All in all, we sat through a total of only two hours in the courtroom, just long enough for the judge to introduce the plaintiff and defense who had faced off in a high tech contract dispute, some bourgeois cat fight involving several million dollars. That was Thursday.
As instructed, we returned Monday to continue jury selection because the judge always has other things to do on Fridays. I wasn't picked, damnit. Mr. SW, head of software engineering where I work, asked me if I played the Nazi or the Communist. After the fire and the bomb scare, all I had to do was mention the name of the software house where I worked and, apparently, that was enough to get me off the hook.
Others ploys to get out of jury duty were used more deliberately. Some people actually did explain to lawyers that they were a little wild-eyed, politically speaking. It worked. They were excused from serving. One sullen college student said he didn't like people much and might suffer anxiety if he was cooped up with them in a crowded room, might get sick and have to run outside. That worked. Another woman with a college degree in computer science said she was Chinese and then stared blankly at lawyers when they asked her questions. When the judge asked if she understood the questions, she simply said no. That worked. The common thread throughout interrogations was established by the plaintiff's question, "Will be you be fair to a man claiming a settlement of millions if the evidence shows he deserves it?" Some answered no because they didn't think anyone should have that kind of dough. That worked. But most shrugged. They were stuck. They really didn't care one way or the other and they knew nothing in the trial's outcome would change their own destinies.
Toward the end of Monday when very few jurors had actually been interviewed, the man in front of me despaired and turned. "We'll be here all week," he whispered.
"What else did you have to do?" I whispered back.
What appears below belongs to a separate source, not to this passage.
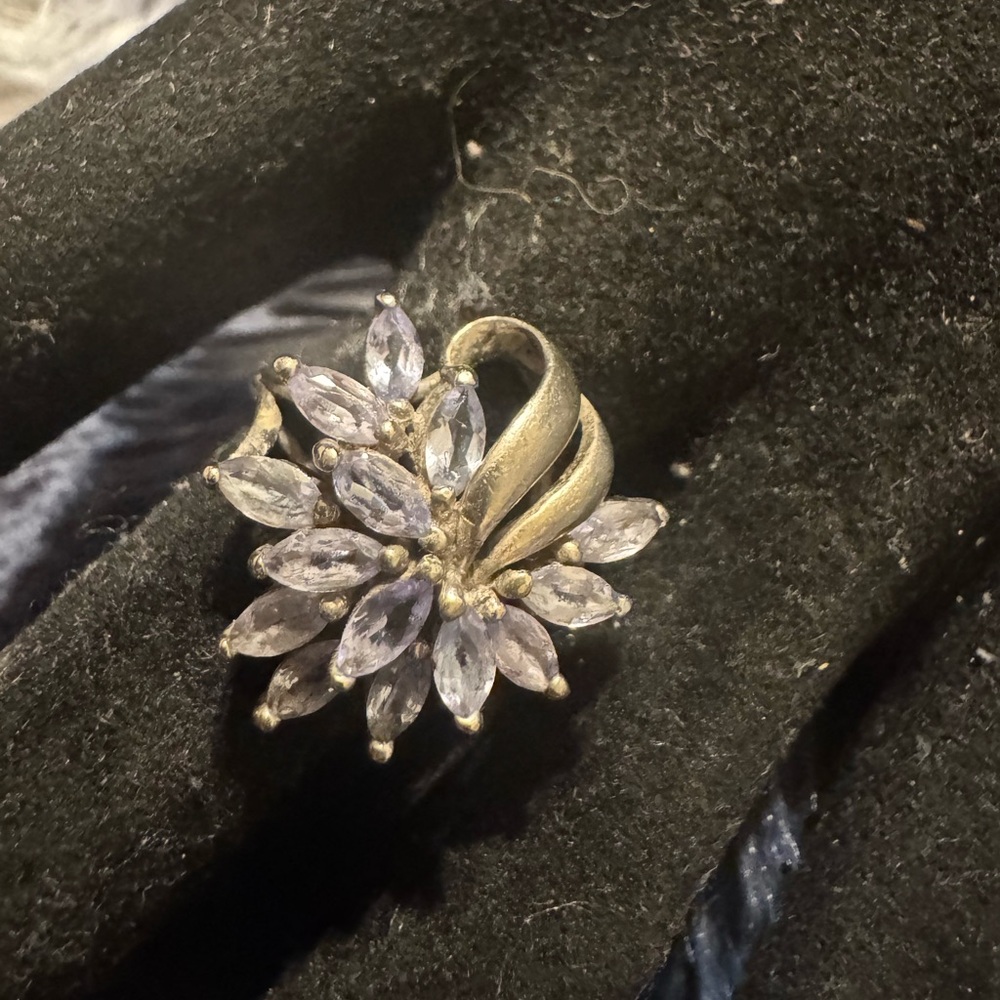 Sterling Silver Tanzanite Cocktail Cluster Ring Size 8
Everyone around me laughed. "Just think of it as flying economy class with no movie. The up side is no jet lag."
Another giggled, "If this was 1950, the fifteen bucks a day would be big money."
"If it was 1850 this could have been settled with one big fist fight and we could make money selling tickets."
But the court did pick a jury plus alternates by the end of the day. The judge swore in the jurors.
"You have completed your service..." the judge started to tell the rest of us as some jumped up and stepped to the exit. "Wait!" ordered the judge, "You'll have to hear my speech." They shrank back into their seats. "You have completed your service for one year. Thank you, ladies and gentlemen. Now you can go."
Everyone fled. But me. I left reluctantly. I was two days behind at work with small excuse and unpaid overtime staring at me. I have no luck.